REQUIREMENT = Only one span is wanted from the lines below: from the one with "Dzieciaki ratują wilki_publikacja" up to and including the one with "Mijn eerste groot". Copy it exactly, without images.
== RECORDS TO PROCESS ==
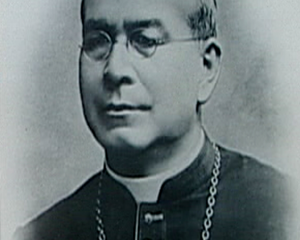 Dom João Batista Correa Nery, Bispo de Pouso Alegre (Administrador Apostólico de 1908 a 1909)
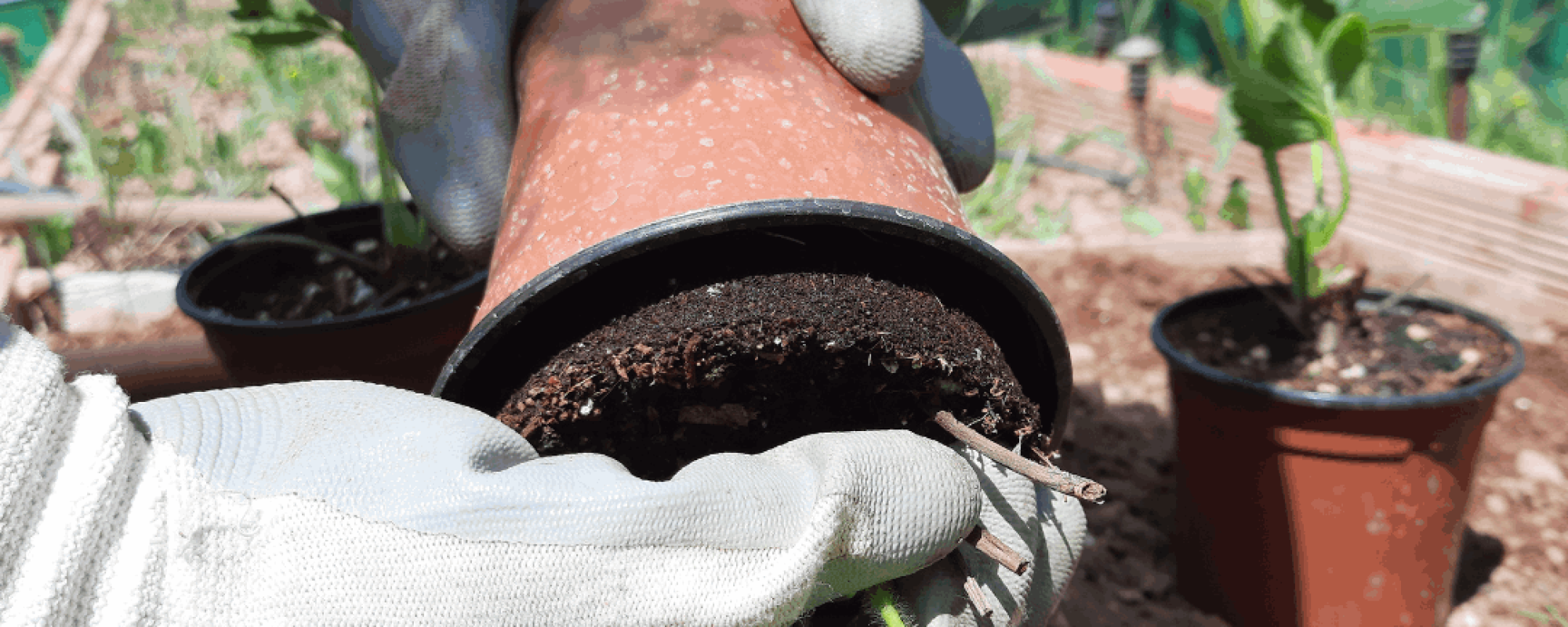 potager fraise (3)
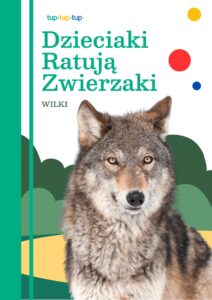 Dzieciaki ratują wilki_publikacja Okładka do materiałów o wilkach Dzieciaki Ratują Zwierzaki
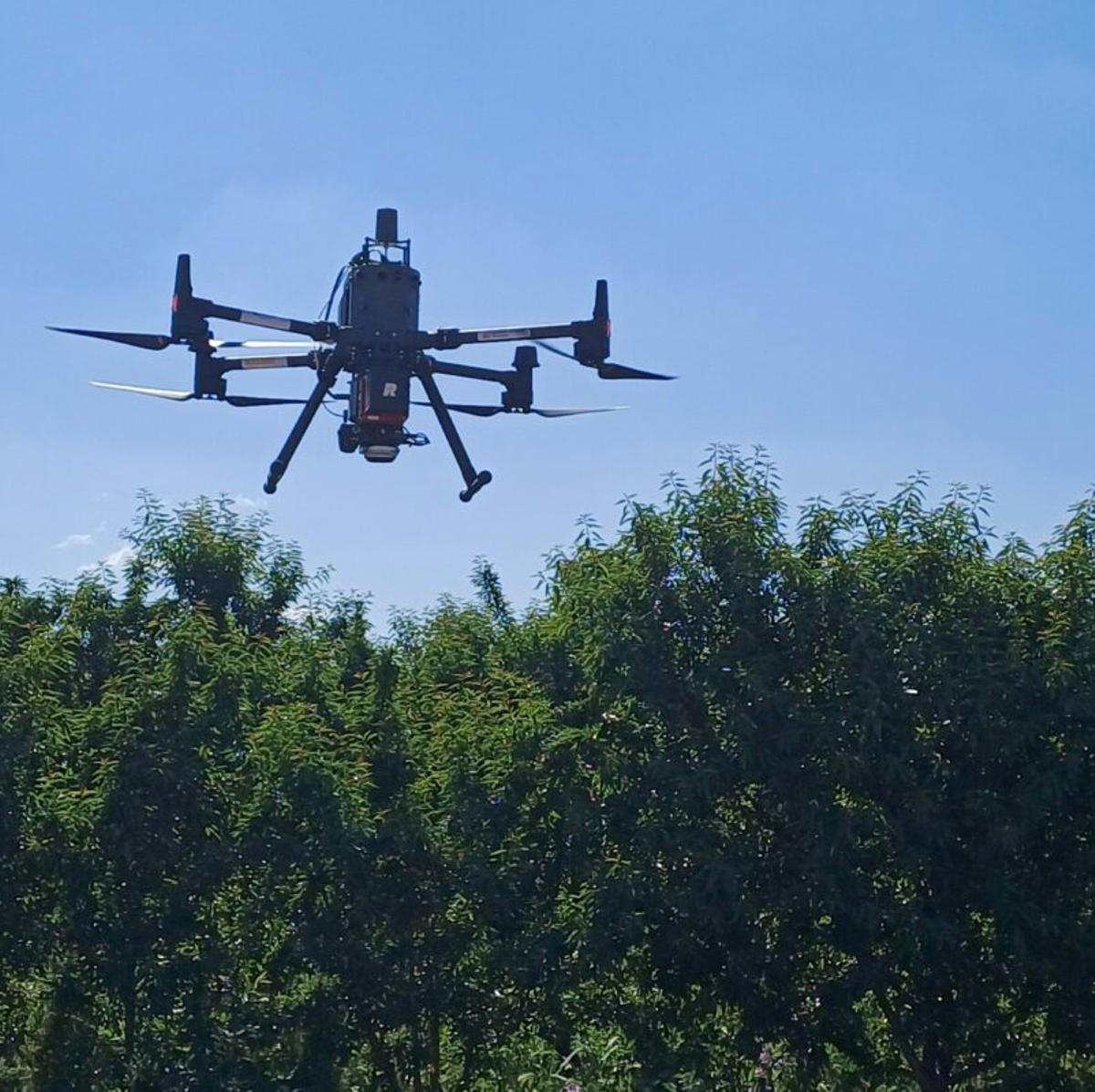 Un dron ajuda en les tasques agrícoles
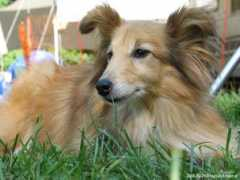 kiesler.at Sheltie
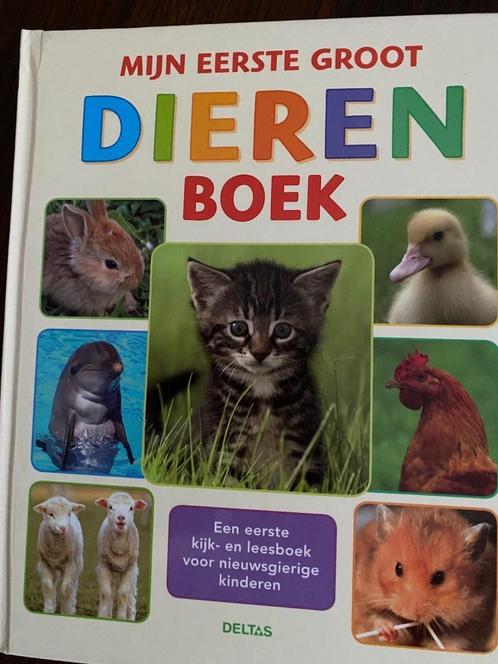 Mijn eerste groot dierenboek, Livres, Livres pour enfants | 4 ans et plus, Comme neuf, Non-fiction, 5 ou 6 ans, Garçon ou Fille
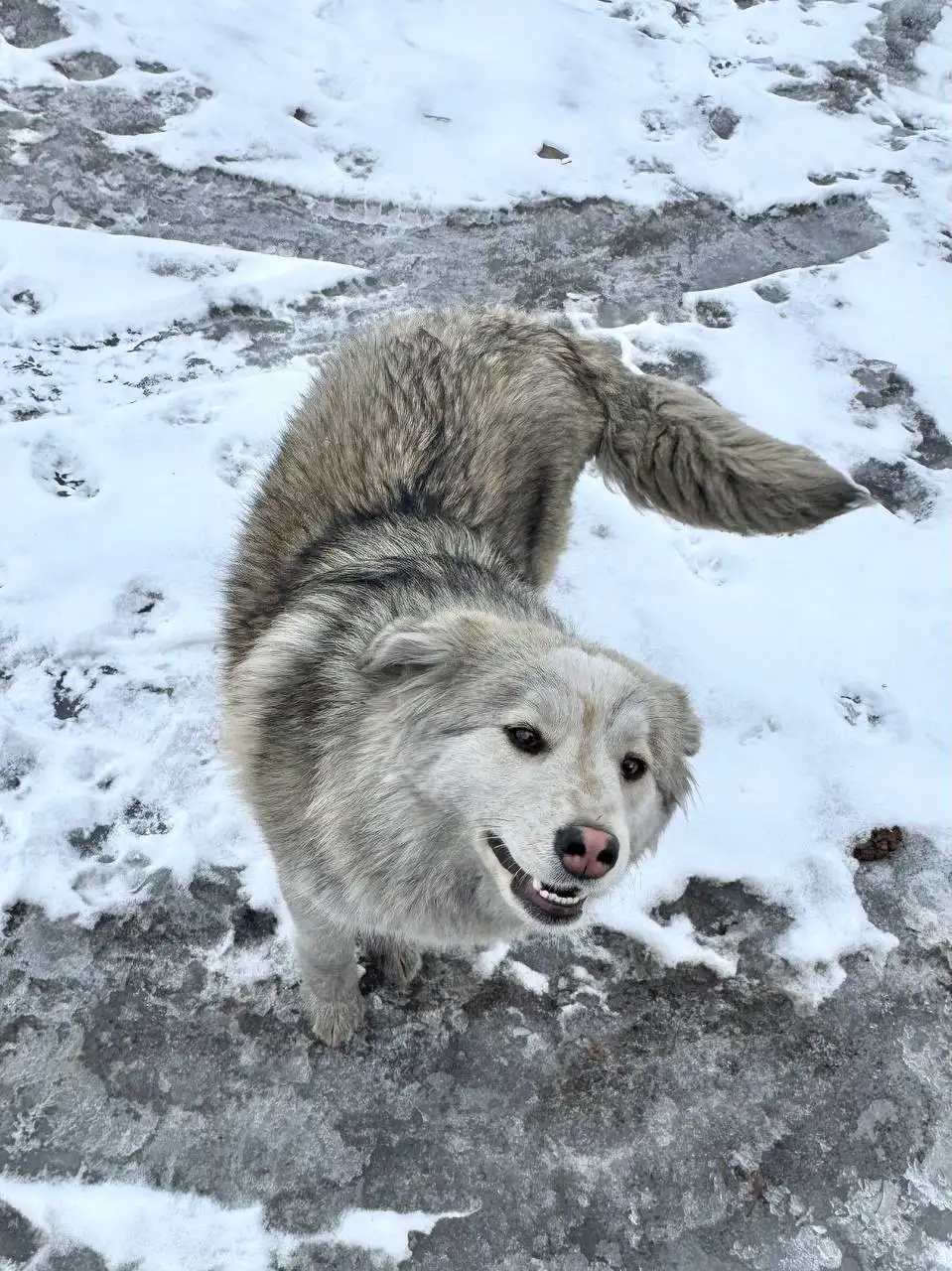 Лилу - собака-компаньон ищет дом - Собаки (Животные) в Иркутск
===
THE ANSWER =
 Dzieciaki ratują wilki_publikacja Okładka do materiałów o wilkach Dzieciaki Ratują Zwierzaki
 Un dron ajuda en les tasques agrícoles
 kiesler.at Sheltie
 Mijn eerste groot dierenboek, Livres, Livres pour enfants | 4 ans et plus, Comme neuf, Non-fiction, 5 ou 6 ans, Garçon ou Fille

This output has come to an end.